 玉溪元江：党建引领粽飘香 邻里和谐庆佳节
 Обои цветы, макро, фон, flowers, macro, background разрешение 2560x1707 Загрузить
...
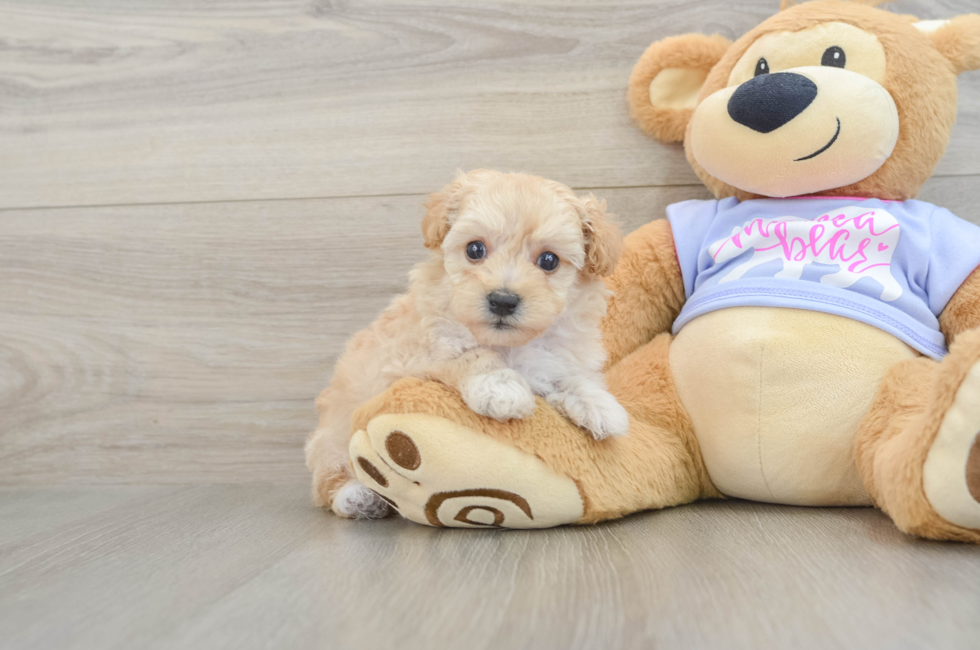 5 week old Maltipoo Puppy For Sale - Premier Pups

- **Your instructions**
Look above for the line that contains "玉溪元江：党建引领粽飘香 邻里和谐庆佳节". Starting there, transcribe every line exactly until you have copied the line that contains "Обои цветы, макро, фон, flowers, macro, background".

- **Output**
 玉溪元江：党建引领粽飘香 邻里和谐庆佳节
 Обои цветы, макро, фон, flowers, macro, background разрешение 2560x1707 Загрузить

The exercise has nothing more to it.